To lawyers, the chilling video of the Quebec City mosque shooting may have been a simple legal document. To Najat Naanaa, it was tangible evidence that her late husband gave his life trying to save the lives of others.
After a year of grieving and loss for Ms. Naanaa, the security footage shown in court this week offered something that has been elusive for her: A measure of solace and even pride.
“I knew about my husband’s bravery, but the cameras proved it,” Ms. Naanaa said in an interview on Thursday. “He died the way he had lived – helping others.”
Witnesses had told Ms. Naanaa how her husband, Azzeddine Soufiane, had tried to stop gunman Alexandre Bissonnette by lunging at him inside the sanctuary on Jan. 29, 2017.
On Wednesday, a hushed Quebec Superior Court screened security footage of the rampage as part of Mr. Bissonnette’s sentencing hearing, providing a precious visual record of the actions of Mr. Soufiane and others at the mosque. (The video will not be released, but was watched by journalists inside the courtroom.)
Ms. Naanaa left the courtroom in Quebec City because she could not bear to see her husband shot in cold blood. But she learned about what was in it, and the prosecutor’s description of her husband’s “indescribable” demonstration of courage. The 57-year-old Mr. Soufiane is seen rushing across the room and driving Mr. Bissonnette into a shoe rack. The killer pushes him back and shoots him, firing again and again while Mr. Soufiane lies on the ground.
The acts of bravery by some worshippers at the Grand Mosque at the Quebec City Islamic Cultural Centre have offered a glimmer of light in what has been one of Canada’s darkest moments of violence, and led to calls for Mr. Soufiane to be recognized posthumously.
“He was an ordinary man who did extraordinary things,” said Imam Hassan Guillet, who delivered the eulogy for Mr. Soufiane and two others in a speech that was widely shared on social media. “I don’t know if I would have been able to do what he did.”
The video underscores how the mosque shooting “showed the worst and best in us,” Imam Guillet said − both the cold-bloodedness of the killer, and the sacrifice of others, he said.

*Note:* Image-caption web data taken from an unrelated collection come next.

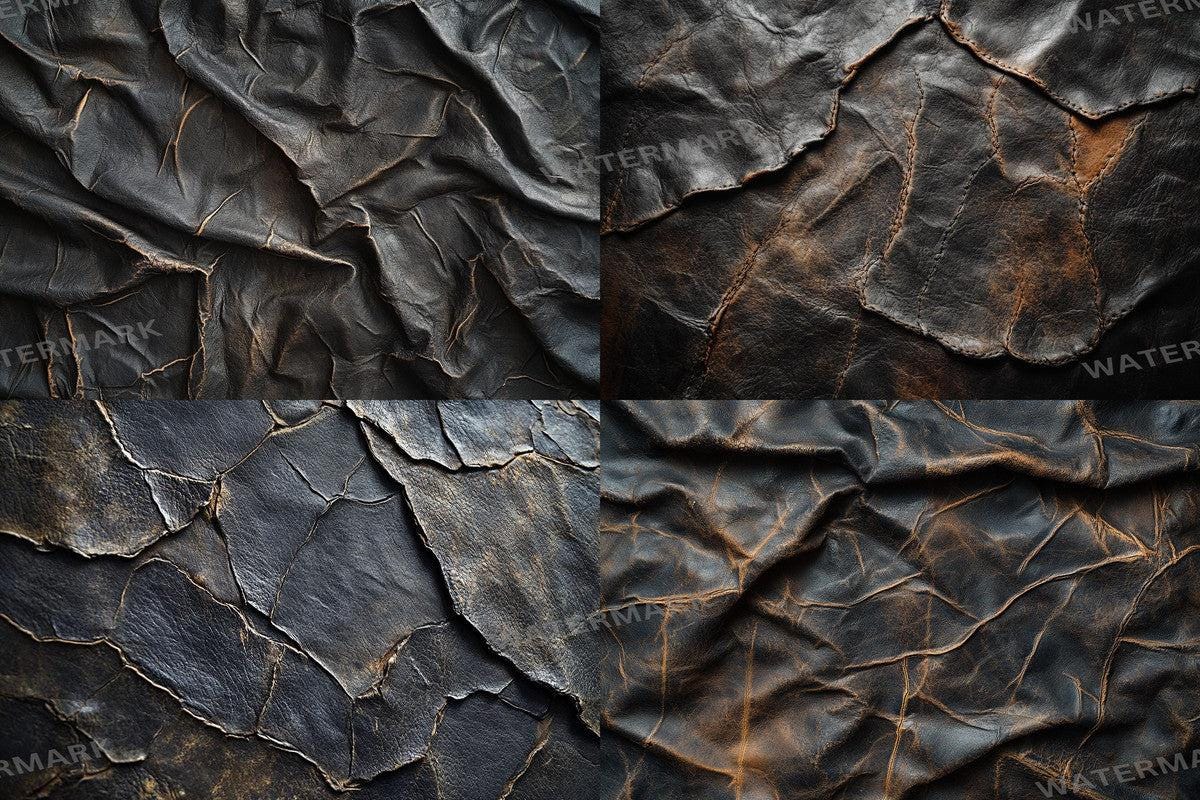 BLACK WEATHERED LEATHER - Textures Photography Backdrop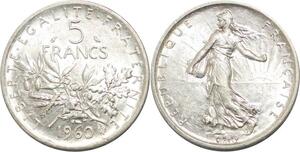 R3157 France 5 Francs Semeuse Roty 1960 Sortie Rouleau Argent FDC -> Make Offer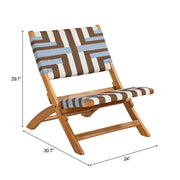 Woven Strap Acacia Folding Lounge Chair — styled in a complete room vignette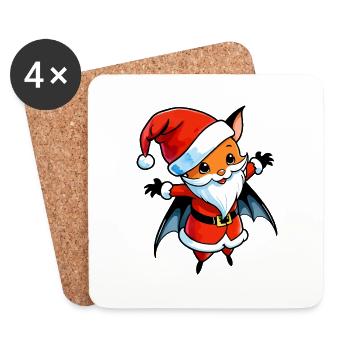 Fledermaus Weihnachten - Untersetzer (4er-Set) - Weiß - Vorne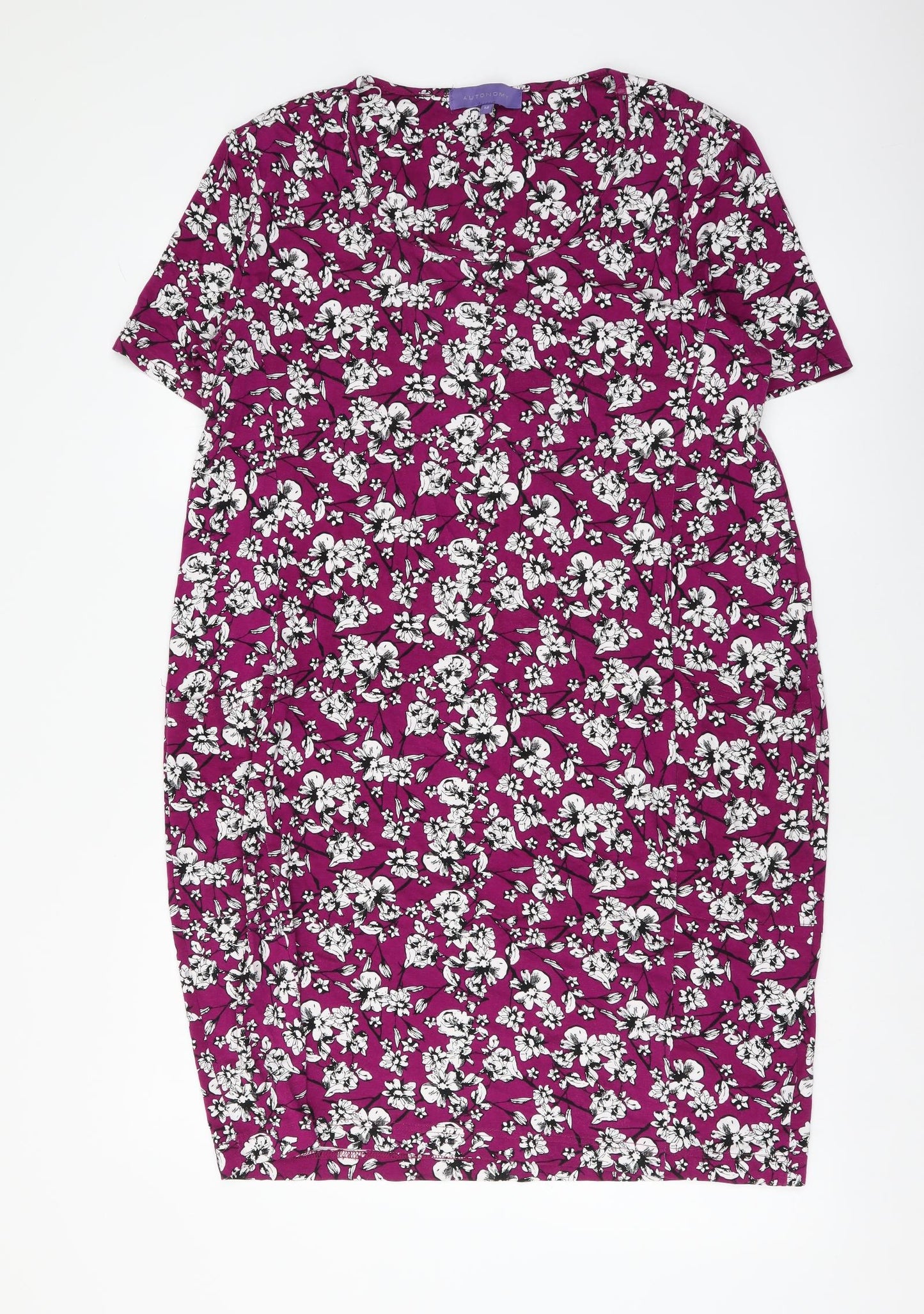 Autonomy Womens Purple Floral Viscose Pencil Dress Size 14 Round Neck Pullover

He hopes Mr. Soufiane’s gestures are recognized with an honour by Canada. “As a society, we have to mark what he did.”
Mr. Soufiane, a grocer known for his generosity in the Quebec City Muslim community, was not alone in demonstrating courage and common decency in the face of chaos that night.
He died the way he had lived – helping others.— Najat Naanaa, on her late husband Azzeddine Soufiane
Said Akjour, who had been shot in the left shoulder, is shown in the video chasing Mr. Bissonnette as the gunman flees.
Mohamed Belkhadir is seen removing his coat in the winter air and placing it on the body of a worshipper who was alive but mortally wounded on the ground. Police mistook Mr. Belkhadir for a suspect and arrested him. He never voiced anger over his arrest and said police treated him well, his landlord said.
“He never complained,” Blaise Bernard, who has rented a basement room to Mr. Belkhadir for two years, said on Thursday. “He’s a good man. It was an act of compassion to put down his coat.”
Aymen Derbali also stood in the line of fire, and is now in a wheelchair after taking seven bullets.
He remained in the courtroom on Wednesday to watch the video and bear witness, he said.
“Despite our sorrow, it gave a great sense of pride,” Mr. Derbali said. “I wanted to watch it and see the truth. It closes the circle. Even in a situation of panic, there were people who tried to show courage and protect others.”
Few can explain exactly what makes some people commit heroic deeds for others, partly because the heroes often are killed.
“When a person gives their life to another individual who is not connected by blood or family, it is one of the most profound human acts,” said Alberta-born psychologist Frank Farley, a professor at Temple University in Philadelphia. “Yet we know so little about it.”
Two motivators help explain heroic acts: generosity and tolerance for risk. “If you are risk averse, you are going to dive for cover. You want out, not in,” said Prof. Farley, past president of the American Psychological Association.
Mr. Bissonnette’s sentencing hearing continues. He pleaded guilty last month to six counts of first-degree murder and six counts of attempted murder.